I was fortunate in my collegiate career to meet game-changing people with whom I’d identified, connected or admired. From Paul Harvey and Ted Turner, to Ross Perot and others, these iconic storytellers, leaders and “doers,” as I’d come to know them, were also people, humans with experiences and advice to share, something profound to undoubtedly say to help us make some sense of what we’d find beyond the grassy knolls of campus. But I was more than a decade too late for perhaps one of the most profound and influential speakers to ever set foot on the grounds of Southern Methodist University: Ruth Bader Ginsberg.
She spoke to a sold-out auditorium filled with about 2,000 people on a Monday night in August 2011. Partisanship concerned her from the moment she was confirmed as a U.S. Supreme Court Justice in 1993. Now, nearly a decade after she guest lectured for the host law school, it was likely more of a concern—27 years later.

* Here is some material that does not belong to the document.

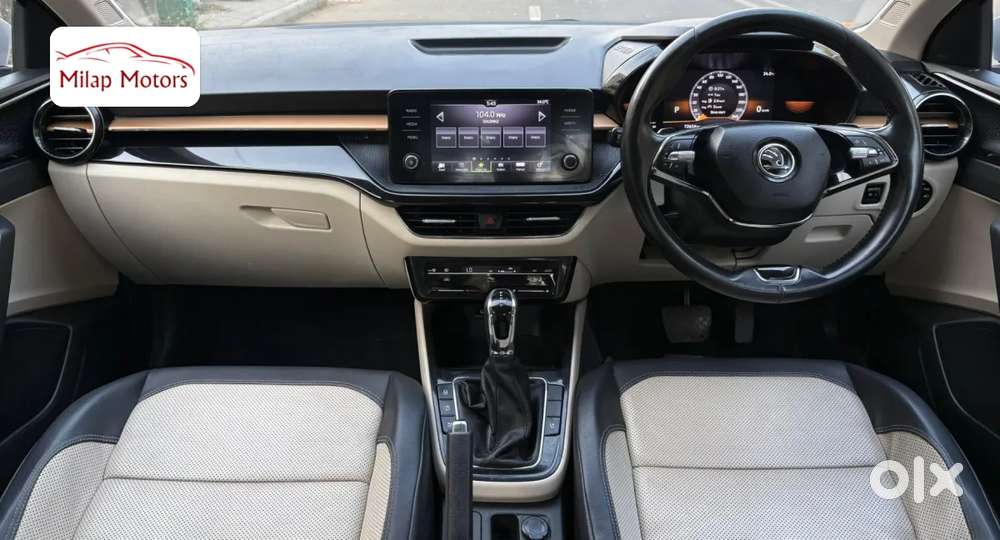 Skoda Slavia Style 1.0l Tsi At, 2022, Petrol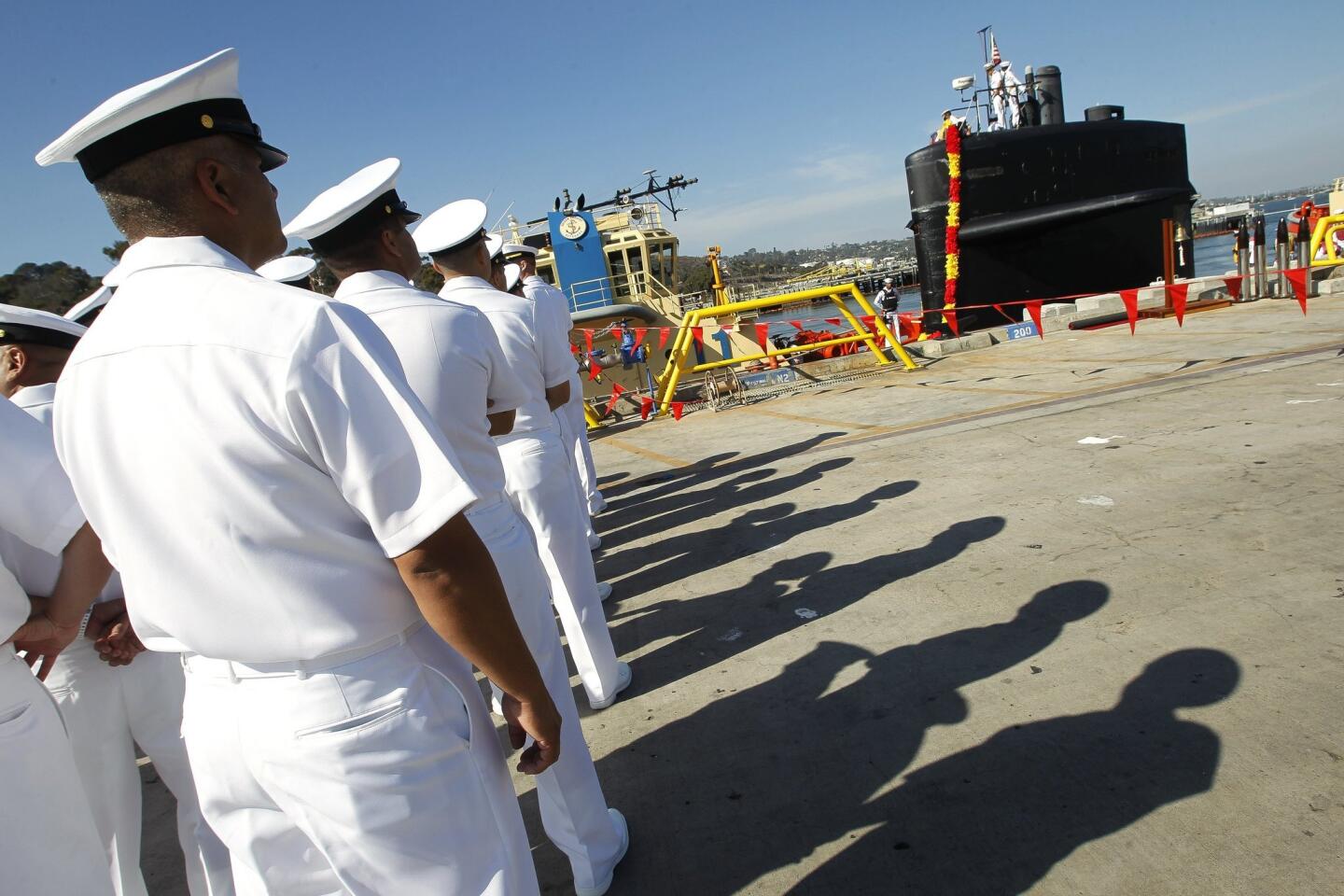 Submarine makes final visit to San Diego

A vacancy felt throughout our nation
The news of Ruth Bader Ginsburg’s—aka Notorious RBG—death will forever mark us. Although it’s only been a week, we will never forget where we were, who we were with and what we were doing when we learned of her death. I doubt there are many people reading this now who don’t have distinct memories of the moment of the attack on the Twin Towers.
My husband and I were enjoying the first signs of comfortable fall temperatures on the patio last week when his phone dinged. He picked it up, looked at it, and let out a quiet “aww,” which is reserved for pictures of puppies and sad news.
“What’s that?” I asked.
“Ruth Bader Ginsberg died,” he said.
My eyes welled up. I sat in the cool evening looking at my husband across our wrought iron table, speechless, unable to find words to express my deepest and utter shock, sadness and yes, even a twinge of despair.

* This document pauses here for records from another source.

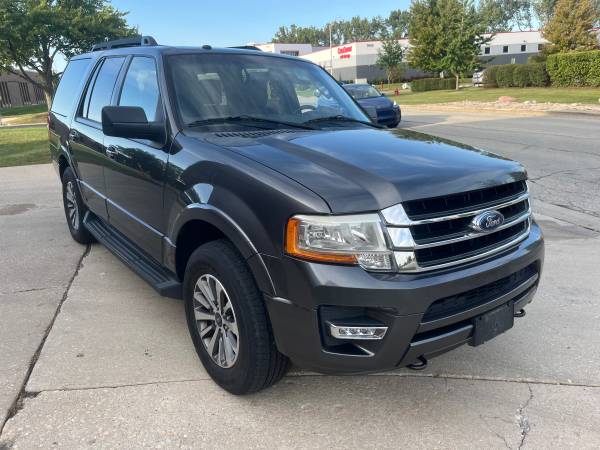 2017 Ford, dovoz USA — foto 10 z 12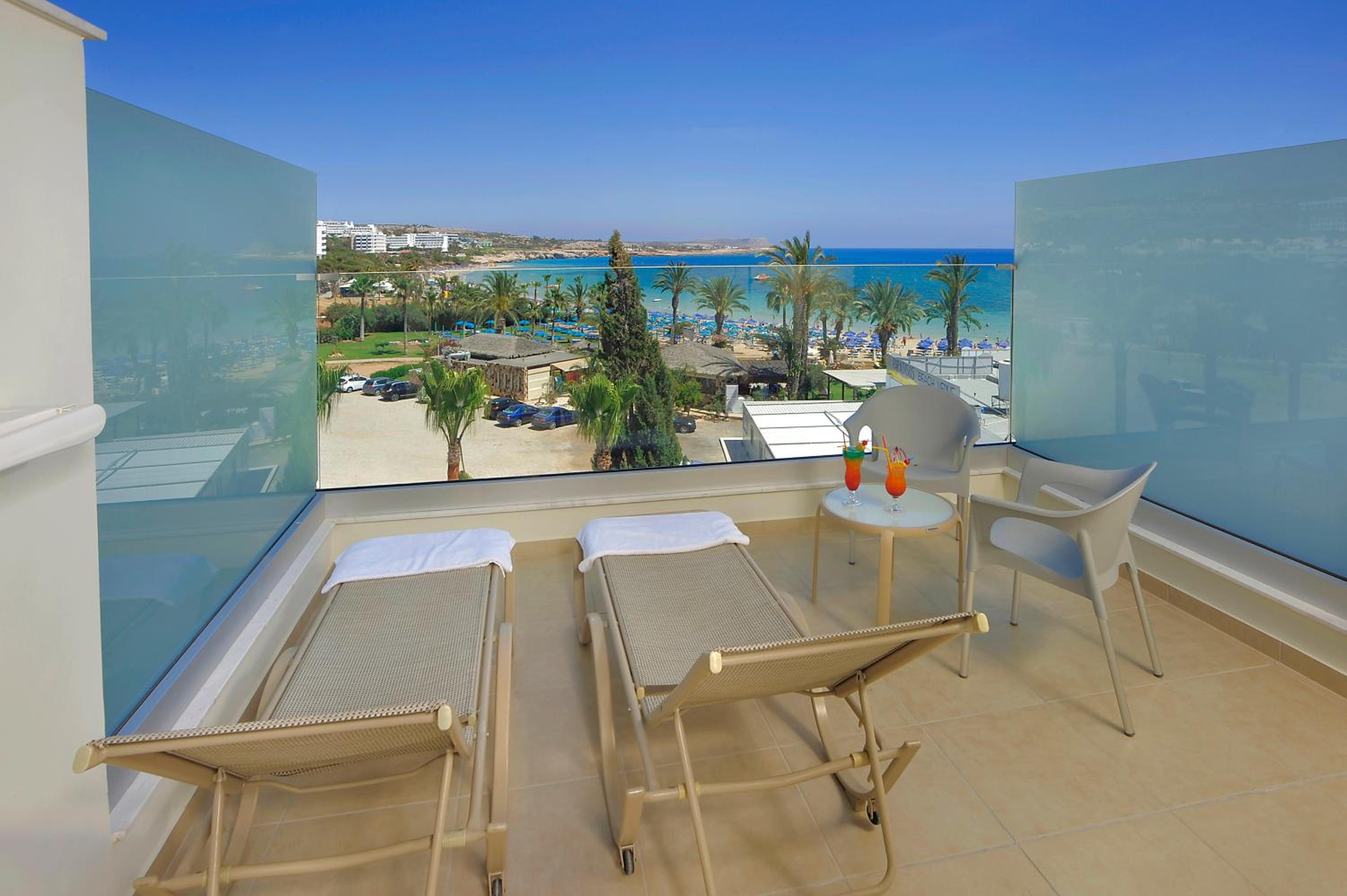 Double or Twin Room with Large Balcony & Sea View - Photo 3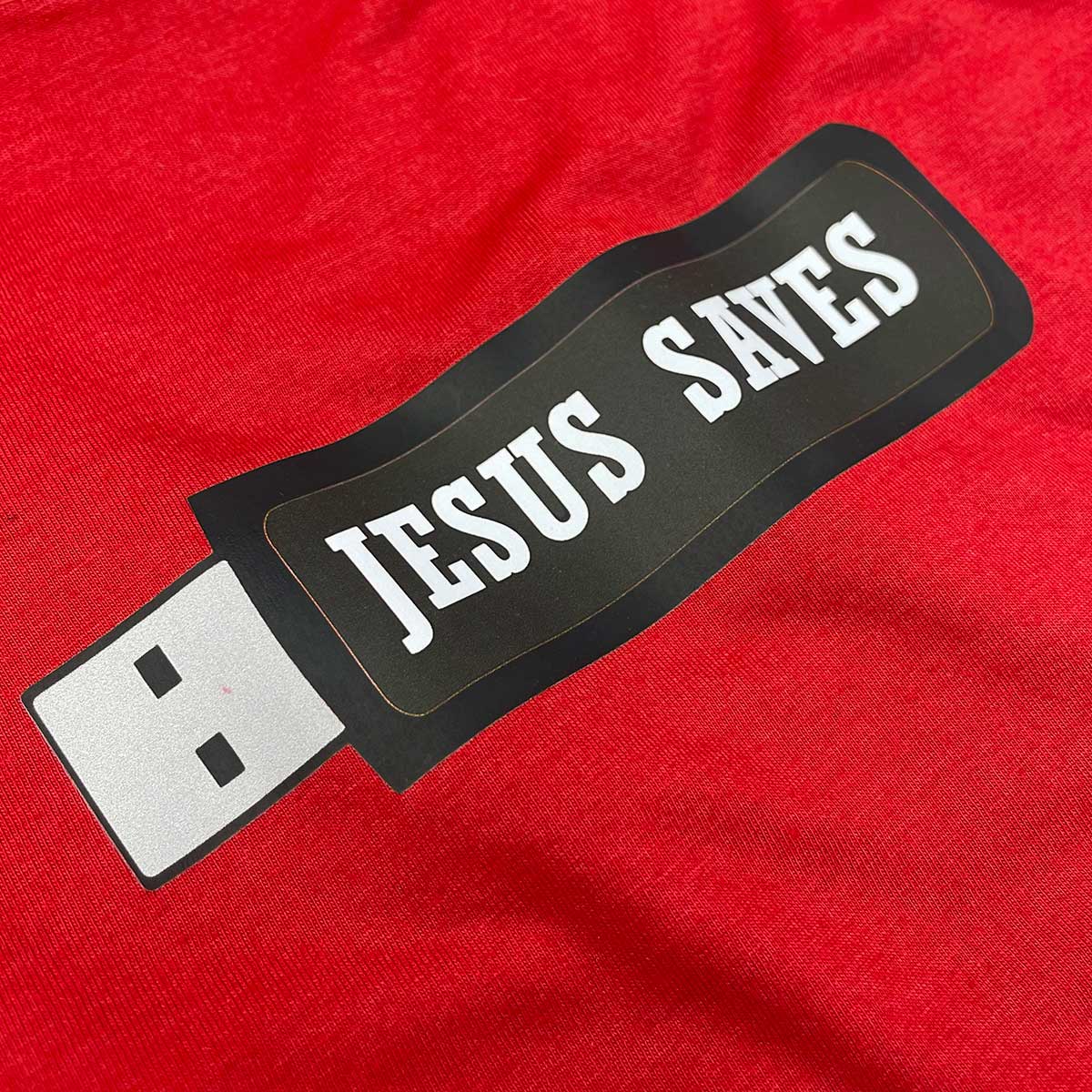 T-Shirt Infantil Vermelha Pen Drive Jesus Saves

“It feels like the courageous souls who stood up for what is right are no longer there to remind us, to protect us,” said one of my good friends, who was eating pizza with her family when her daughter’s phone dinged. “We have a divided country with two completely opposing views of what it means to be a patriot, what it means to be an American. Who will stand up for what is right now? Who will protect us?”
Scalia: He also answers his own phone
My husband and I watched several hours of news coverage that night as we mourned the loss of another larger-than-life figure who bravely paved the way for so many to more easily follow in her footsteps. What struck me most were the stories of the heartwarming friendship Justice Antonin Scalia and RBG shared, from the flowers he sent for her birthday to hearty discussions about their partisan politics and opinions she wrote.
Perhaps the greatest assignment of my young reporter career was covering the 5th US Circuit Court of Appeals’ ongoing national issue regarding school prayer policy. In advance of the ultimate ruling in the summer of 2000, I talked to local residents, professors and even a Justice to tell the story of a small, Baptist Texas city and the case’s effect on the rituals and traditions of Friday night football.
Santa Fe, about 20 miles outside of Galveston, was in the spotlight of the debate, focused heavily on prayer before football games (They Haven’t Got a Prayer, Texas Monthly). If you’ve seen the TV show Friday Night Lights, you’re familiar with the literally and figurately sacred place football holds in Texas communities. I sat on one of Santa Fe stadium’s aluminum benches on a chilly Friday the season before the opinion came down. The crowd, the noise, the solidarity of sportsmanship and well bidding on the side of each team was just their culture.
I can tell you my first (and only) impression of Scalia was a warm and friendly one. He was even a bit humorous, which I didn’t expect from a Justice when I picked up the phone around lunchtime as a reporter in my early 20s and dialed Scalia’s office.
“Is Justice Scalia there?” I asked when someone on the other end picked up the phone.
Oh my gosh! “You answer your own phone?!” I asked, without thinking first.
“Yes,” he chuckled. “It rang and I picked it up.”
Although I got the “no comment” I expected when I asked Scalia for a response to the case, I was ok with that. I went into the call expecting to leave a message that would never be returned.
As we remember RBG for her positive and historic cases, this one story through Scalia reminds me the two were still human—Scalia answered his own phone—and are now both gone.
The loss is more for those who knew them as icons for answering their own phones than perhaps as icons in history.
“Everything felt different after that; it still does,” said my friend.